Provided data »

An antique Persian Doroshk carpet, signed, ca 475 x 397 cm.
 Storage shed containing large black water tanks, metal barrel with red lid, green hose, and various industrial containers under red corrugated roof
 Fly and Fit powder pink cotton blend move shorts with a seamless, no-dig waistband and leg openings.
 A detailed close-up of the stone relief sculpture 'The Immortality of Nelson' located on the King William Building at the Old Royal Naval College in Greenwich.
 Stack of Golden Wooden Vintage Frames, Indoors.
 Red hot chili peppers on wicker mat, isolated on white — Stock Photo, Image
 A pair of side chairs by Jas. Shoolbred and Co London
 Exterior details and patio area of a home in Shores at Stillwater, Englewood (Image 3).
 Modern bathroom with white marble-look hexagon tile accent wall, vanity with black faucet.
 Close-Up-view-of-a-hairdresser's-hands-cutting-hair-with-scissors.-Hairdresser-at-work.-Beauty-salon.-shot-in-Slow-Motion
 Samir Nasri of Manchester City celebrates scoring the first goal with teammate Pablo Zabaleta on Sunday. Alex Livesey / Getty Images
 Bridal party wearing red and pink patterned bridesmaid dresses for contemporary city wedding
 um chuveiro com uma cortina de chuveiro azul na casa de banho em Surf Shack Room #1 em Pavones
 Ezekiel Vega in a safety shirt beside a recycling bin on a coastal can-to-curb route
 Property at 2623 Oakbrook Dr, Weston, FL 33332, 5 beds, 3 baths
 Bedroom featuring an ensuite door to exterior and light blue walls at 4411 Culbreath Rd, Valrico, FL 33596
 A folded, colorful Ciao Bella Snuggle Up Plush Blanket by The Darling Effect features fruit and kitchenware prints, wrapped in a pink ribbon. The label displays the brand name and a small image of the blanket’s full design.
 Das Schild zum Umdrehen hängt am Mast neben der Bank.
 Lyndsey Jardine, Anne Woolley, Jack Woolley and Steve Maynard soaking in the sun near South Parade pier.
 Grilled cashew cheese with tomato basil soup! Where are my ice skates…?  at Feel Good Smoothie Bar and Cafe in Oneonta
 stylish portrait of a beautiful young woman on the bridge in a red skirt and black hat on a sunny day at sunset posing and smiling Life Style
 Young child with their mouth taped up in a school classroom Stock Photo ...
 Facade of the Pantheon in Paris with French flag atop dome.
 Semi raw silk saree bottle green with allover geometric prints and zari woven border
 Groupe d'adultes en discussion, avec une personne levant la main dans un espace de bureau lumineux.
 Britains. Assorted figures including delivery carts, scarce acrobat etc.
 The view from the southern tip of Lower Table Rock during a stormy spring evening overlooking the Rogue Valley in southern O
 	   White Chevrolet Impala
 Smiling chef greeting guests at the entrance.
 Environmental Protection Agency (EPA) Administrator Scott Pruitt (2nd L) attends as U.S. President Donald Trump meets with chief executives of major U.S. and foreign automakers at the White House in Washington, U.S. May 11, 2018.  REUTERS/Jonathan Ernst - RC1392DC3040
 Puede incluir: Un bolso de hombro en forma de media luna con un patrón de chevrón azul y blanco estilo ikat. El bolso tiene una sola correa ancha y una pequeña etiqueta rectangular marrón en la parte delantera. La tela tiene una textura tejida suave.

Instructions for the task » Print the records above verbatim from their first line to the line containing "Fly and Fit", both included, and stop there.

Result of this exercise »
An antique Persian Doroshk carpet, signed, ca 475 x 397 cm.
 Storage shed containing large black water tanks, metal barrel with red lid, green hose, and various industrial containers under red corrugated roof
 Fly and Fit powder pink cotton blend move shorts with a seamless, no-dig waistband and leg openings.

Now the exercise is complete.